*Task objective*. Keep every word of the listing and reproduce it exactly, but set aside any image found there.

*Exercise data*.
* * * * * * *

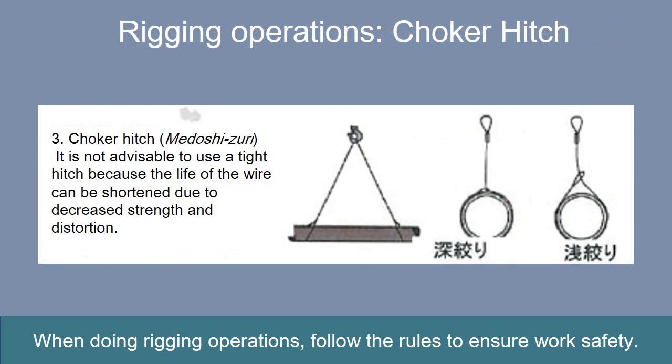The choker hitch is a way of hitching a load in a noose with a wire rope sling. The hitching of the suspended load increases friction, which makes it possible to prevent the slipping of the load and the wire. Care is required in the case of a tight hitch because the life of the wire can be shortened due to decreased strength and distortion, as great tension is applied to the wire at the hitch point.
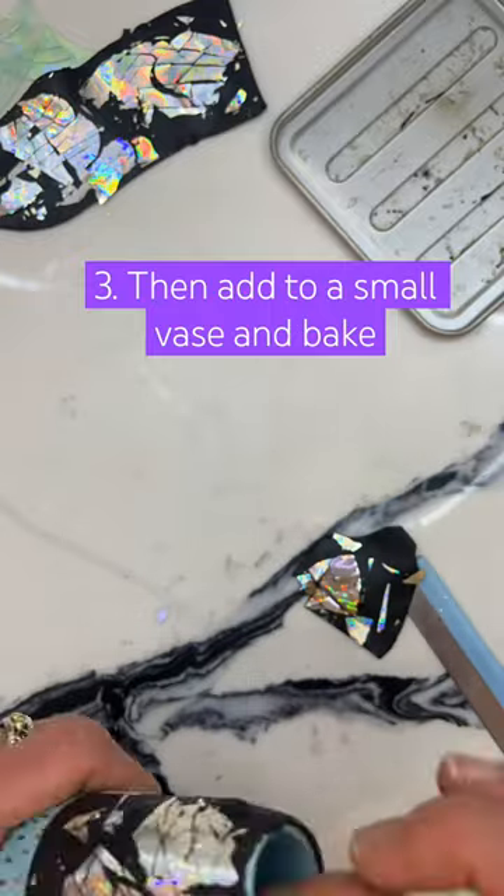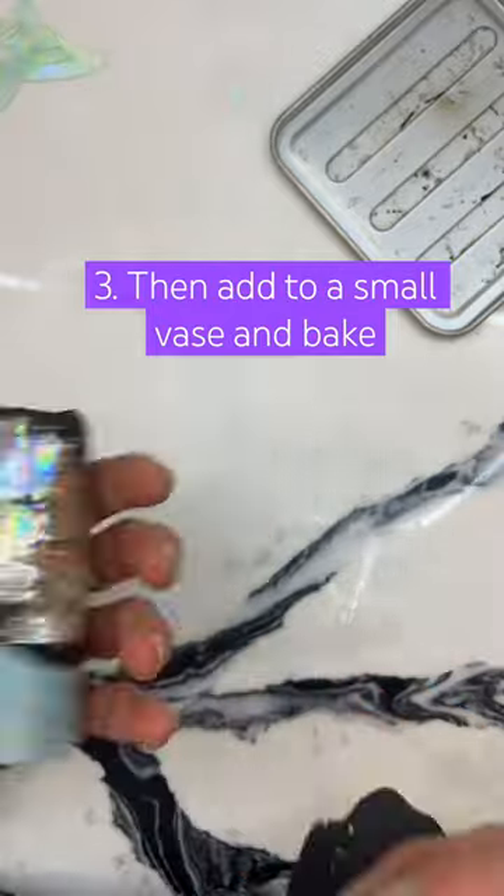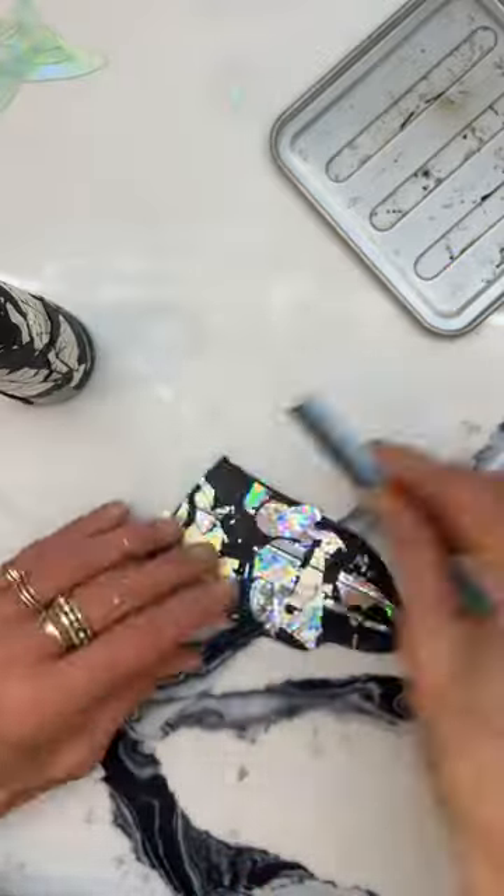I rolled out the black polymer clay and added the iridescent plastic from it. At this point I then put it all over a small vase and baked it in my toaster oven.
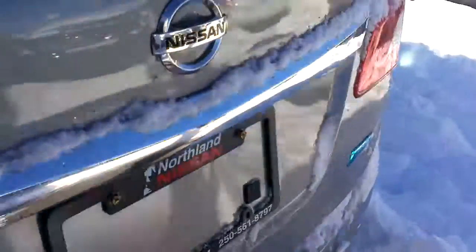Starting at the back here, you still have keyless trunk entry from your key fob. Still the same size trunk — absolutely massive. To show you how big it is, Zach's going to crawl in here and show you how much room is left over. Pretty big trunk.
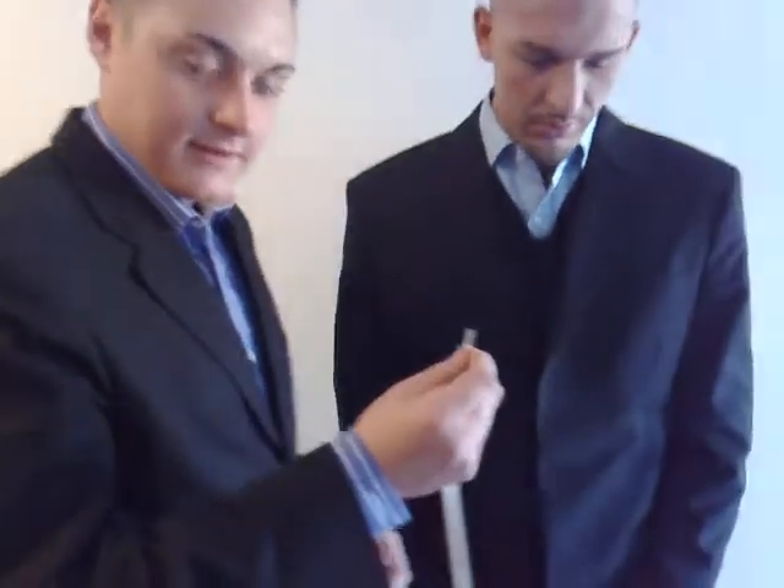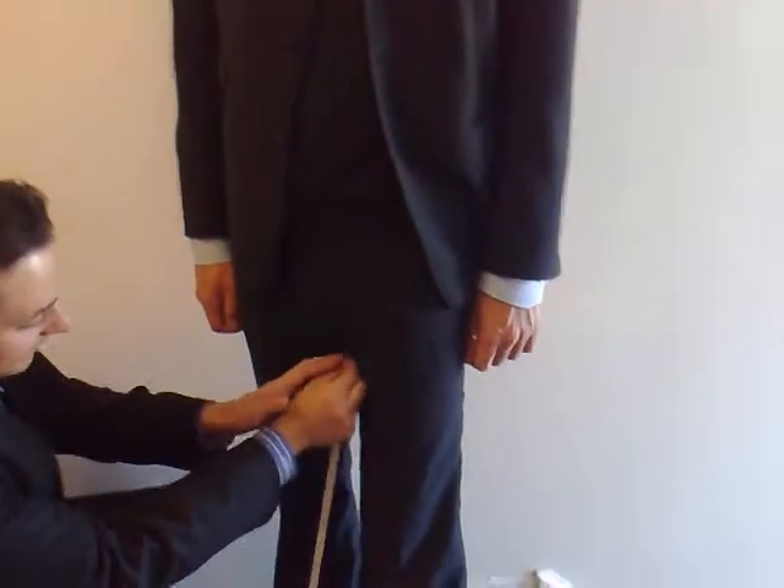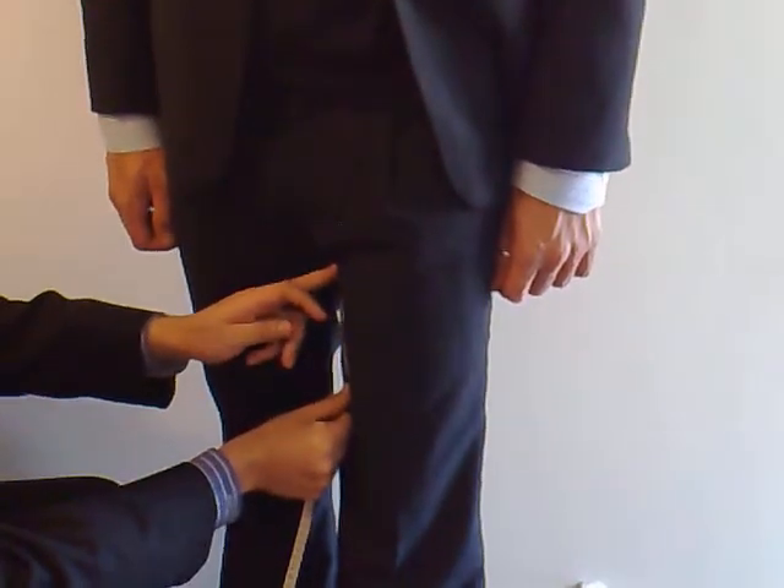In this video I will be taking the measurement from the inside of the leg. Take the start of the tape measure, put it on the bottom of the crotch inside of the leg. Make sure the person is standing straight and tall.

* * * * * * *

*Your response*.
The choker hitch is a way of hitching a load in a noose with a wire rope sling. The hitching of the suspended load increases friction, which makes it possible to prevent the slipping of the load and the wire. Care is required in the case of a tight hitch because the life of the wire can be shortened due to decreased strength and distortion, as great tension is applied to the wire at the hitch point.
I rolled out the black polymer clay and added the iridescent plastic from it. At this point I then put it all over a small vase and baked it in my toaster oven.
Starting at the back here, you still have keyless trunk entry from your key fob. Still the same size trunk — absolutely massive. To show you how big it is, Zach's going to crawl in here and show you how much room is left over. Pretty big trunk.
In this video I will be taking the measurement from the inside of the leg. Take the start of the tape measure, put it on the bottom of the crotch inside of the leg. Make sure the person is standing straight and tall.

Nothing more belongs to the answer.